_What you should do:_ If the records below hold pictures, omit them, and print exactly the lines from the first line through the line containing "Kirayə verilir 4 otaqlı mənzil 160 m²", inclusive.

Source records
- - -
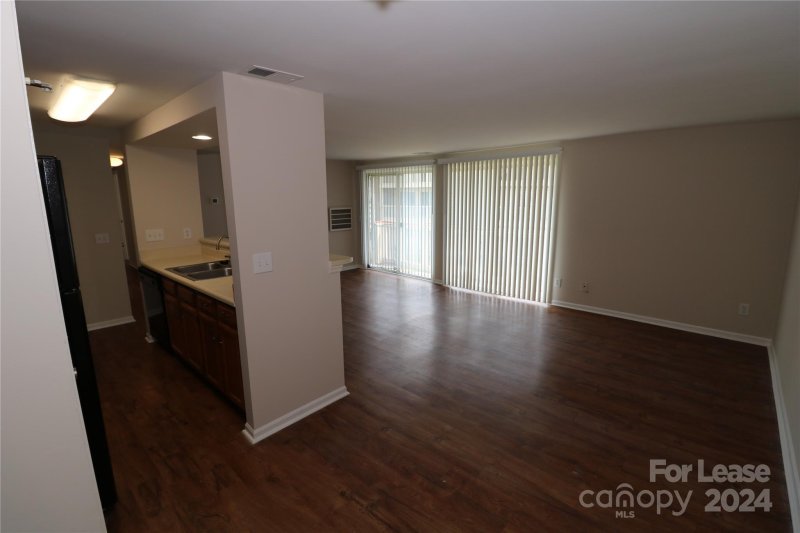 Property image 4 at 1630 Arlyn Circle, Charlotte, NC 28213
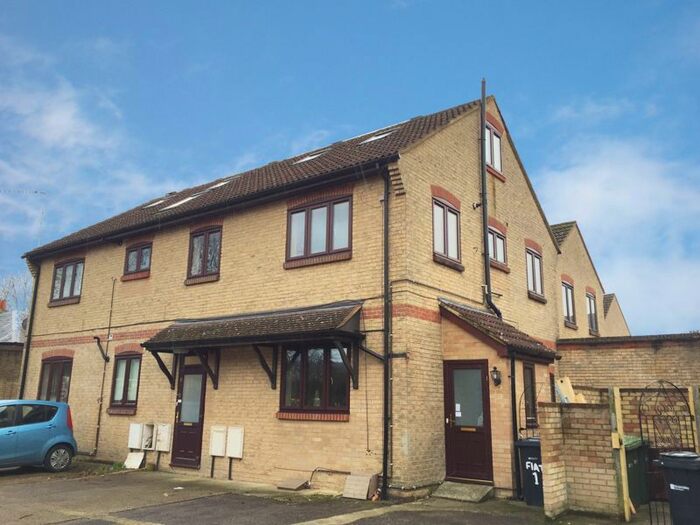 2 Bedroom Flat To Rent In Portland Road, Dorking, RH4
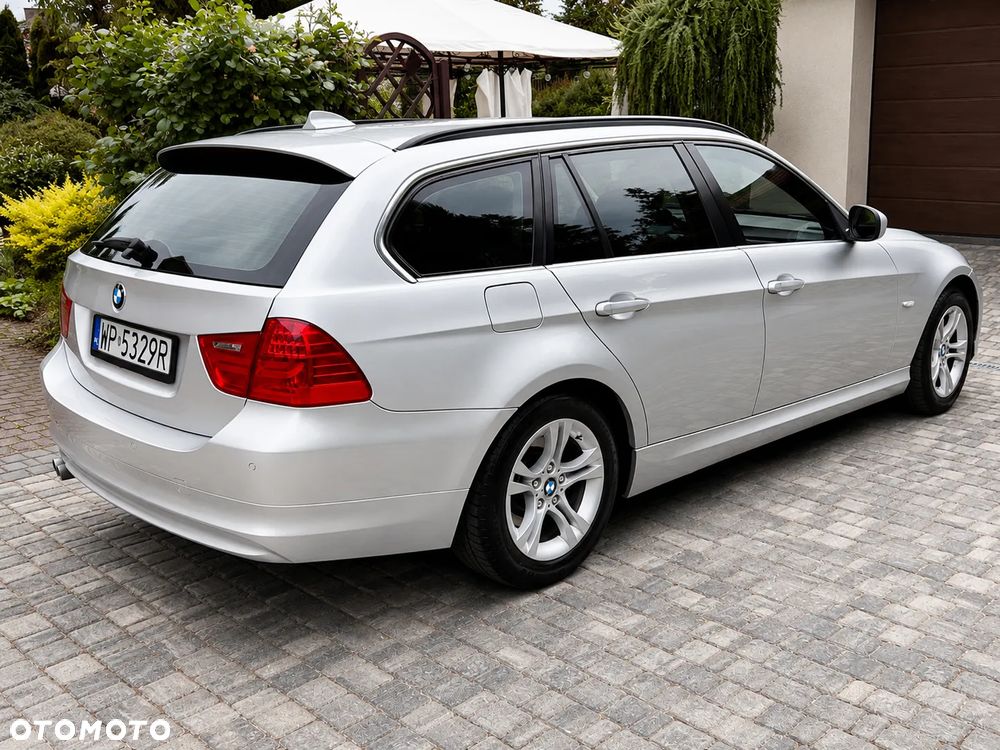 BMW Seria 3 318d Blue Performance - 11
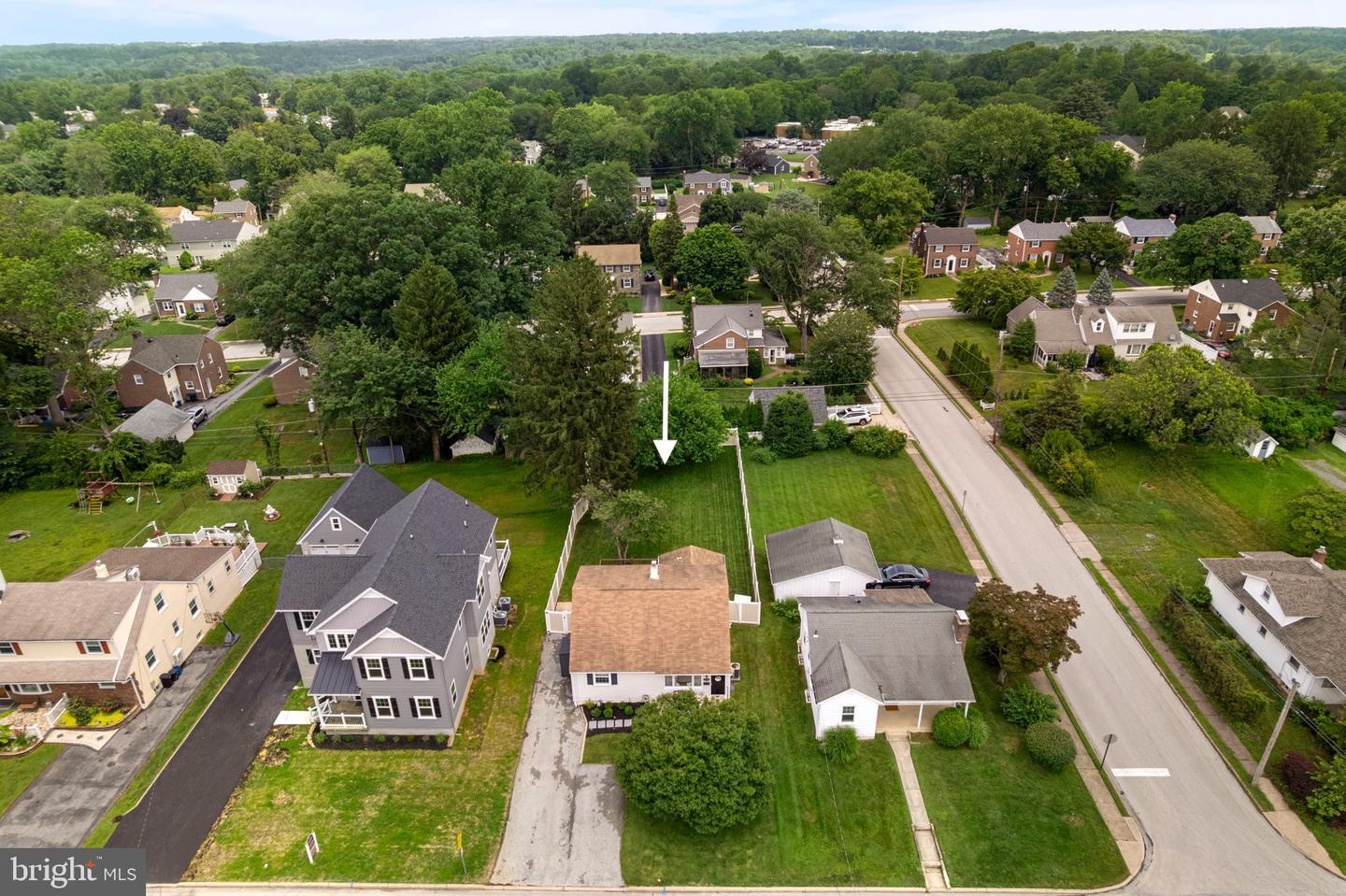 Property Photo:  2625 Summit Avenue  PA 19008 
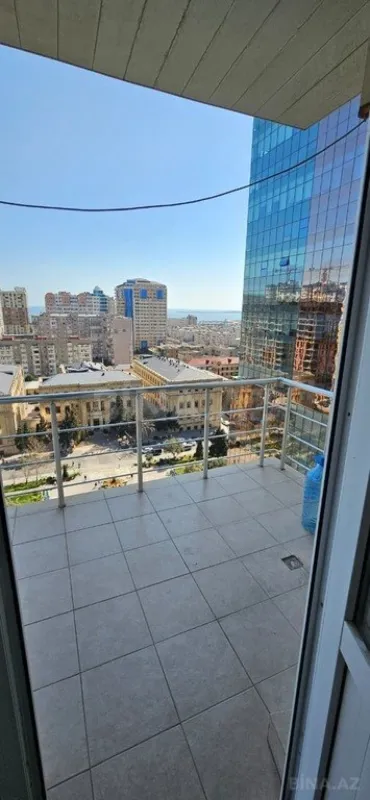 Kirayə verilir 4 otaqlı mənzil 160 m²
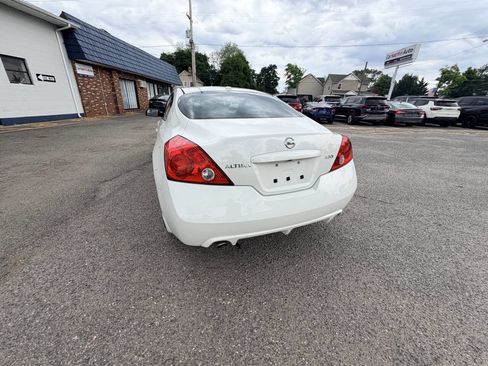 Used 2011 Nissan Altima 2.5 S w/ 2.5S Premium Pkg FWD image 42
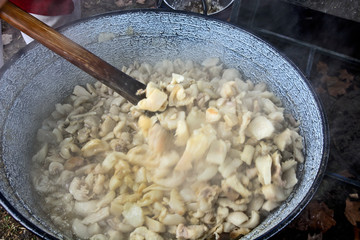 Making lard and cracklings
- - -
_Task solution:_
 Property image 4 at 1630 Arlyn Circle, Charlotte, NC 28213
 2 Bedroom Flat To Rent In Portland Road, Dorking, RH4
 BMW Seria 3 318d Blue Performance - 11
 Property Photo:  2625 Summit Avenue  PA 19008 
 Kirayə verilir 4 otaqlı mənzil 160 m²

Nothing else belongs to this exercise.